In one example, the following visual characteristics are considered (numbered sequentially from the last number of the structural characteristics):

  • 52. Presence of animated/flashing ads
  • 53. Average ad luminosity
  • 54. Maximum ad luminosity
    Again, this is an example. Fewer, more or other visual attributes may be utilized.

We have described how a statistical model for usability may be determined (FIG. 1) and, further, how a web page may be processed to determine values for the characteristics of the web pages (FIG. 2).
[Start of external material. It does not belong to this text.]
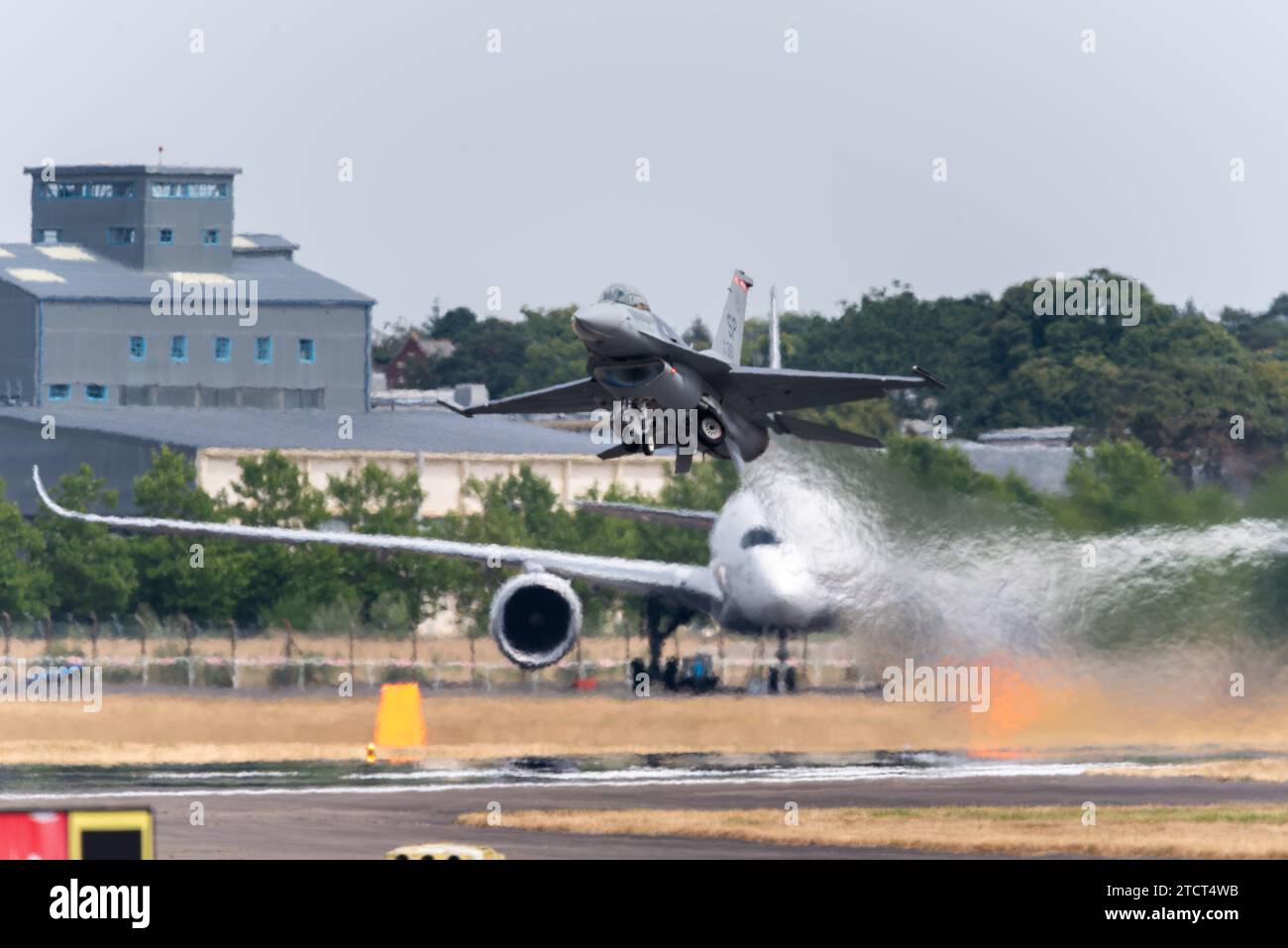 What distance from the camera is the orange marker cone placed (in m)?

We now describe, with reference to FIG. 3, an example of processing to determine a usability measure for a web page, using the statistical model for usability and the determined values for characteristics of the web page.

At step 302, a representation of the web page 304 is processed to determine characteristics 306 of the web page 304. The step 302 processing may be, for example, processing similar to that described with reference to FIG. 2. At step 308, the determined characteristics 306 of the web page 304 are processed in view of the usability model 310, to determine the usability measure 312. The usability model 310 may have been determined, for example, using processing similar to that described with reference to FIG. 1.

As for step 308, the processing may be, for example, processing to use a regression model, whether a linear or non-linear regression model. Other models may be utilized as well, as appropriate.

Furthermore, in some examples, various models and/or various web pages may be provided to the FIG. 3 processing. For example, the FIG. 3 processing may be a result of a program being executed on a general purpose computer. The program may include, or have accessible to it, user interface processing via which a user may interact with the program to indicate a particular web page and/or a particular model to be processed by the FIG. 3 processing.

In FIG. 3, a choice of web pages is indicated by the schematic switch 314, via which one of a plurality of web page representations (shown in FIG. 3 as web pages 316) may be provided as the web page representation 304 input to the step 302 processing. Furthermore, a choice of statistical usability models is indicated by the schematic switch 318, via which one of the plurality of statistical usability models (shown in FIG. 3 as models 320) may be provided as usability model 310 to the step 308 processing. In practice, the switch 314 and switch 318 would typically (but are not required to) be implemented via choices on a user interface of a software application on a general purpose local computer, server or distribution of computing power.

In one example, the usability indicator is utilized as a tool to improve the usability of a web page. For example, the usability indicator for a web page is characterized by sub-components that each correspond to the contribution of a separate attribute of the web page. For example, going back to the linear regression example, each subcomponent may be a product of a value associated with a particular attribute and a coefficient of the statistical usability model, also associated with that particular attribute. An examination of the sub-components, then, contributes to an evaluation of how the usability of the web page may be improved.

For example, if, the higher the usability indicator, the more “cluttered” a web page is deemed to be, then a particular attribute for which an associated coefficient of the statistical usability model is larger has a relatively larger contribution to the clutter. Put another way, if the value for the particular attribute can be lowered, then this will have a relatively larger effect on reducing the clutter.

It has been shown, then that a generally-applicable usability model may be determined. The usability model is then applied to another web page to determine a usability indication for that web page. Furthermore, if the usability model is determined based on subjective interpretations of usability with respect to particular web pages, then those subjective interpretations can be practically applied to web pages other than those particular web pages. This results in a measure of usability that, while determined in view of subjective criteria, is repeatable and is practically determined.